Es de sobra conocido para los lectores de La Esperanza que D. Manuel García Morente identificaba en el caballero cristiano la simbolización del estilo español. Ahora bien, lo cierto es que esta hispana caballería contiene unas notas esenciales que la distinguen de cualesquiera otros paladines, aun católicos, y así nos ha parecido conveniente partir de las siguientes dos divergencias: nótese bien, ante todo, que la Monarquía Española conserva una integridad de principios políticos que muy pronto se abandonaron en el cuerpo de las demás coronas europeas, y esto resulta el más importante hecho diferencial de acuerdo con la problemática que estamos presentando; pero no es menos cierto que incluso en nuestra historia antigua, aquella sin conocimiento de Dios, se reflejaron ya unas formas que pronosticaban los ulteriores estilos de la Cristiandad hispana, en torno a lo cual vamos a ofrecer ahora unos pocos pareceres.
Tipus, que es un concepto teológico, quiere decir prefiguración de una cierta cosa en un momento veterotestamentario, y, aunque no nos detendremos ahora con ninguna teología, sí nos aprovechará que se utilice dicho término para la afirmación de estas observaciones historiográficas.
Pocos dudarán si aseveramos que uno de los más certeros compendios sobre las notas constitutivas de nuestra Monarquía se encuentra en aquella celebrada sentencia de D. Marcelino Menéndez Pelayo, quien contrapuso la razón de las Españas católicas frente al «cantonalismo de los arévacos y de los vetones o de los reyes de taifas». Ahora bien, fue la Protohistoria ibérica, de entre todas las regiones normediterráneas, una de aquellas donde más favorablemente se acogió el influjo combinado del Oriente homérico y del Oriente cananeo; esto es, en cierto modo, una primera reliquia del gran mestizaje hispánico; de suerte que ya durante la plena Edad del Bronce, algo antes del referido lapso orientalizante, se había ocasionado esta costumbre del cruzamiento tras el arribo de los jinetes esteparios (de los cuales nuestro genoma debe hasta un 20%). Muestras de que no se ha dicho exageración alguna, acerca del buen recibo de gentes orientales, las encontrarán ustedes en los pueblos argárico y tartésico, del sur peninsular, o en las motillas manchegas, y más tarde también en la isleña talayótica (junto al abrazo de la escritura alfabética, del alfar a torno, del olivo y de la vid, por mediación de los fenicios —cananeos de lengua semita—). Sobre el mismo Tartessos incluso se ha razonado que fuera la Tarsis bíblica, y los grandes príncipes íberos de la Edad del Hierro ulterior pagaron siempre para embellecer sus sepulcros al uso del Oriente.

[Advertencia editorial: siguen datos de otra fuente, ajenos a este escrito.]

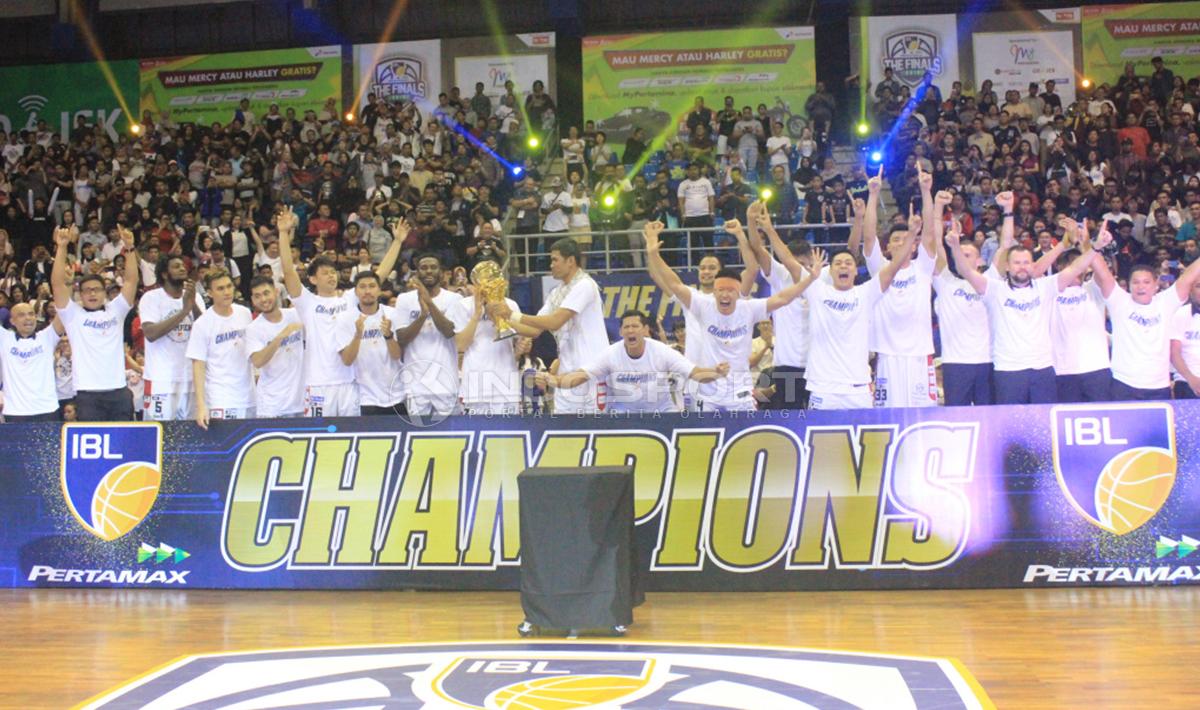 Stapac Jakarta tampil sebagai juara IBL 2018/18.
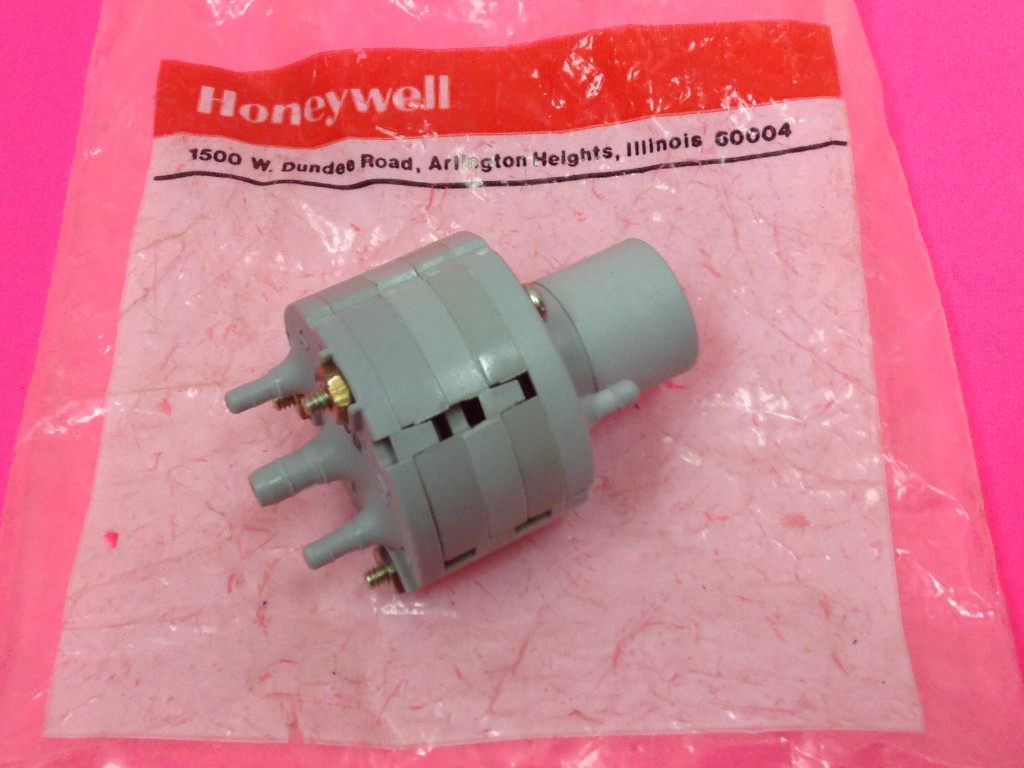 Honeywell - RP972A 1006 - Pneumatic Switching Relay - NEW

Mucho después, Fray Jerónimo de la Concepción, O.C.D., en Emporio del orbe, Cádiz ilustrada (1690), recogió que sobre el antiguo templo fenicio de Melkart, luego dedicado a ritos hercúleos, había fundado el Apóstol una iglesia que daría nombre al gaditano islote de Sancti Petri, tal y como los españoles de la Reconquista purificaban con agua bendita los lugares mahometanos para darles mejor ventaja en Cristo.
No es de extrañar, por todo este viejo aliento de mescolanza, que los más célebres señores de Cartago encontrasen instrumentos para asentarse en relativa serenidad a lo largo del tercio inferior de nuestra península —aun con extraordinaria sangre derramada, pues el arrojo de los infantes hispanos se ha alumbrado siempre con un ánimo numantino, id est martirial—. Pero el caudillismo cartaginés, como antes la fortuna fenicia, no conoció freno alguno en los límites geográficos, y he aquí que la audacia del militar Aníbal Barca, atravesando los Alpes desde la Iberia, se nos presenta como un genio típicamente hispánico, clarísima prefiguración de humores irreductibles según lo fueron Hernán Cortés, San Francisco Javier o Juan Sebastián Elcano (en cuya victoria sobre los mares océanos resuenan, además, tanto el periplo de Hannón, navegante fenicio, como la homérica Odisea o el Diluvio vencido por los provechos de Noé —cuyo nieto, Tubal, tantos eruditos concluyeron genitor de la Iberia—).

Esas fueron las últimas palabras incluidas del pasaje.